[TASK]
What are the lines below, starting at the line containing "Hand drawn herbs" and ending at the line containing "Lost in the"? Write them out exactly, ends included, without pictures.

SUPPLIED MATERIAL Start Marker

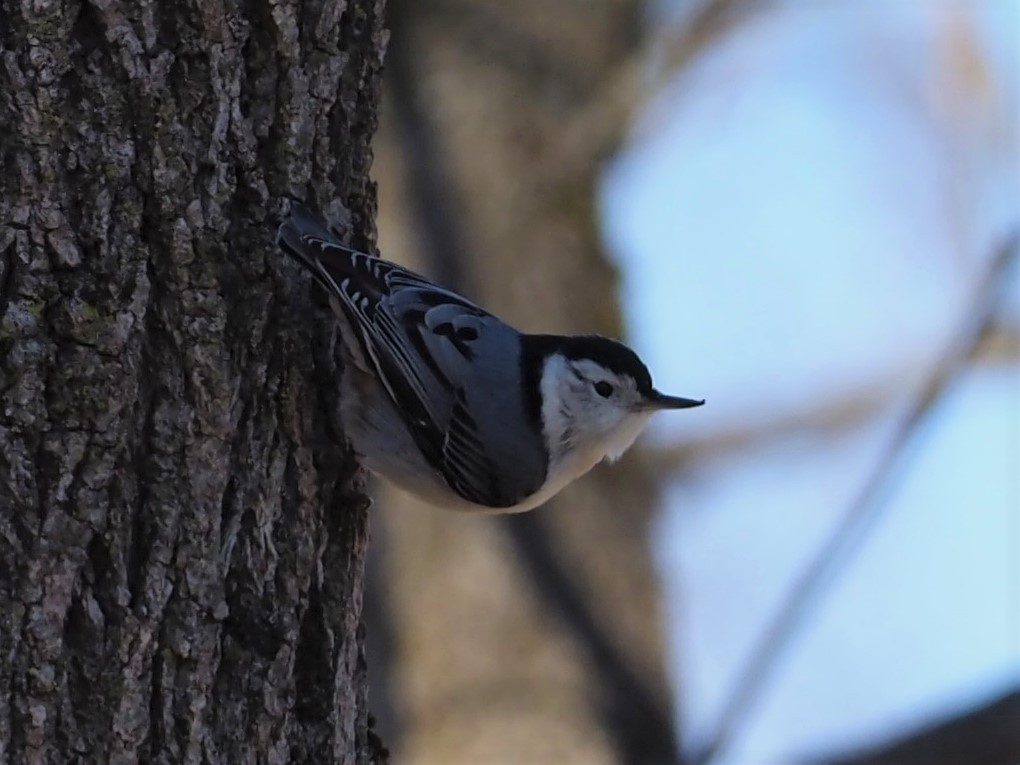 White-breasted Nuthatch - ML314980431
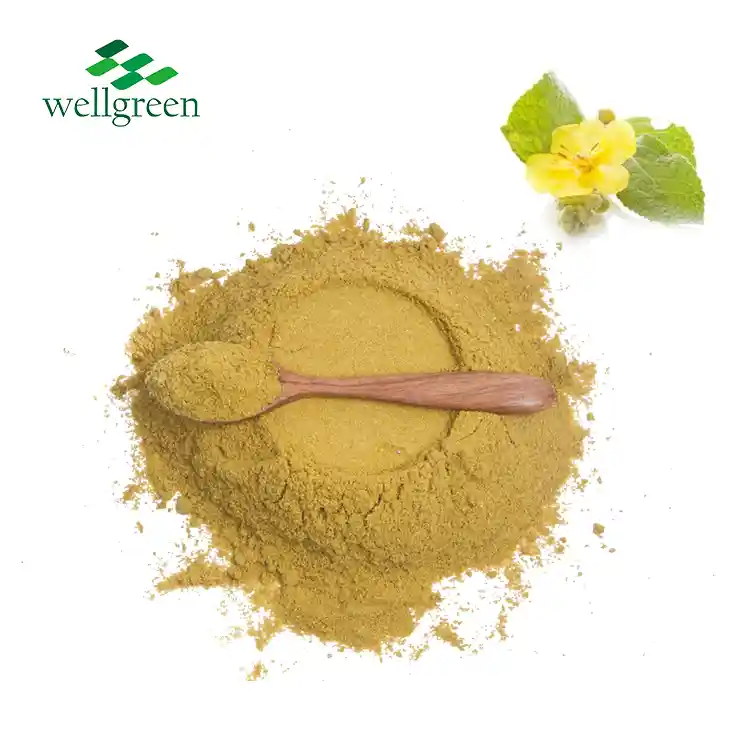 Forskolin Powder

SUPPLIED MATERIAL End Marker
SUPPLIED MATERIAL Start Marker

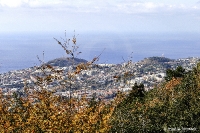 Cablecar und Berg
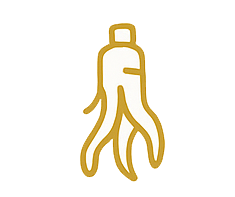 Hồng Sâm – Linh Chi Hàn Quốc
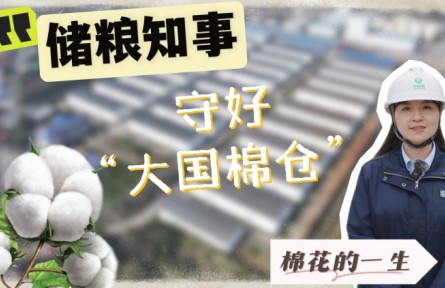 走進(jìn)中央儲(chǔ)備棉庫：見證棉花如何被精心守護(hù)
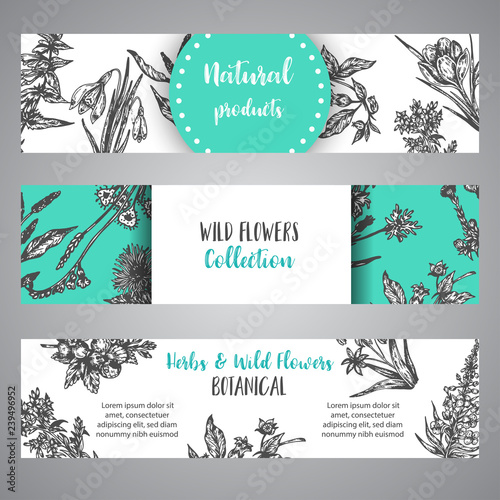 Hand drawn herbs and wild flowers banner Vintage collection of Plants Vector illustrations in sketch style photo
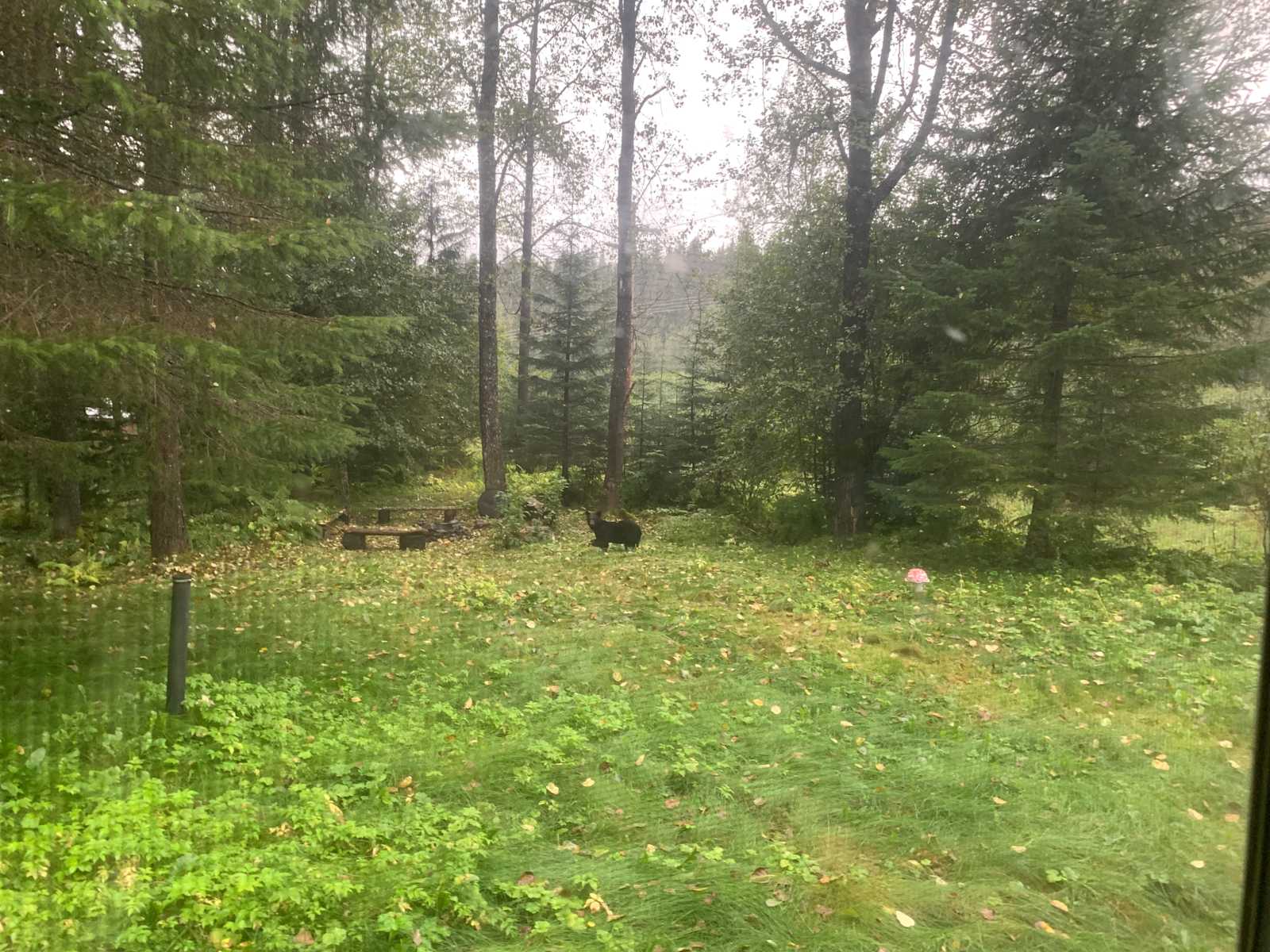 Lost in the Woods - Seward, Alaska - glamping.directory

SUPPLIED MATERIAL End Marker
SUPPLIED MATERIAL Start Marker

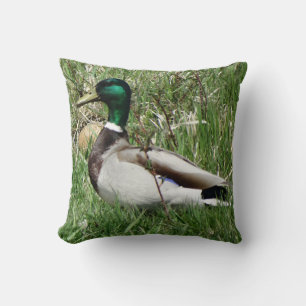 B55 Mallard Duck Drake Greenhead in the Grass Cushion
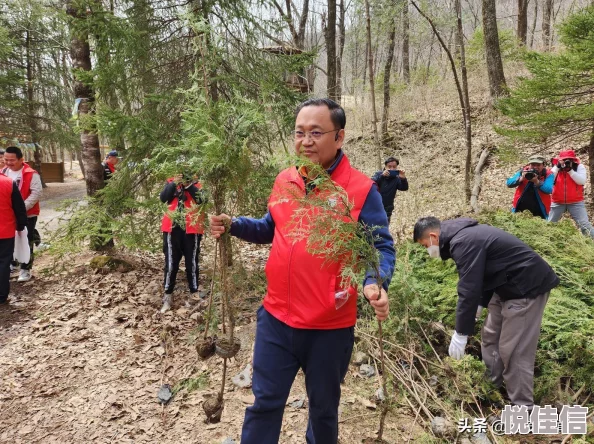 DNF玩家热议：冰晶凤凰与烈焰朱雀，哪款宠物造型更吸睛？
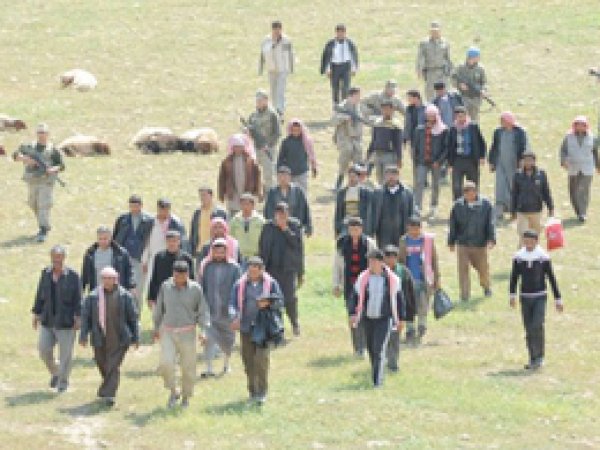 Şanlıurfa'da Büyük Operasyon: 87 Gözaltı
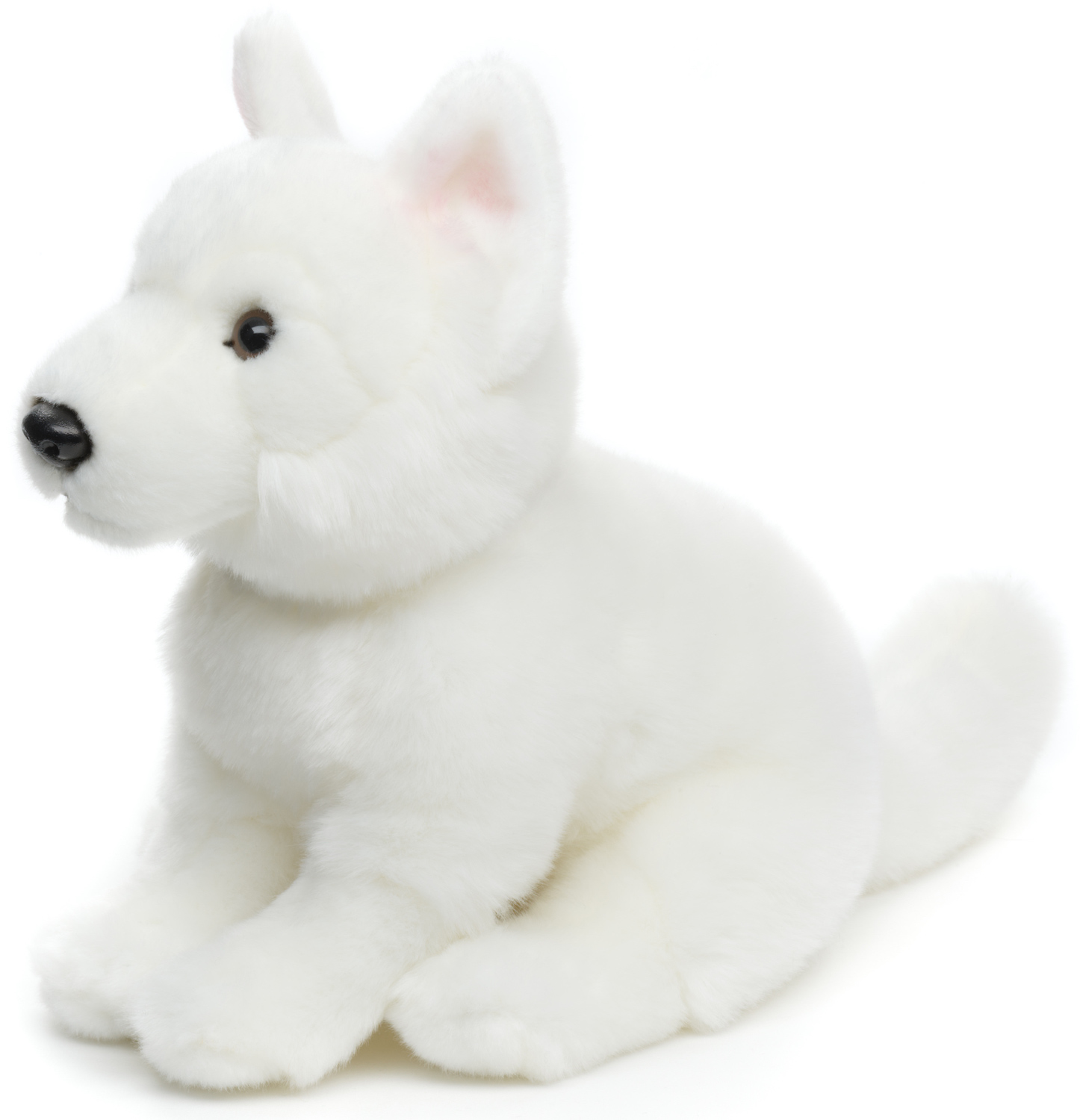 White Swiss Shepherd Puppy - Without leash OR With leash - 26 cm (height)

SUPPLIED MATERIAL End Marker

[TASK OUTPUT]
 Hand drawn herbs and wild flowers banner Vintage collection of Plants Vector illustrations in sketch style photo
 Lost in the Woods - Seward, Alaska - glamping.directory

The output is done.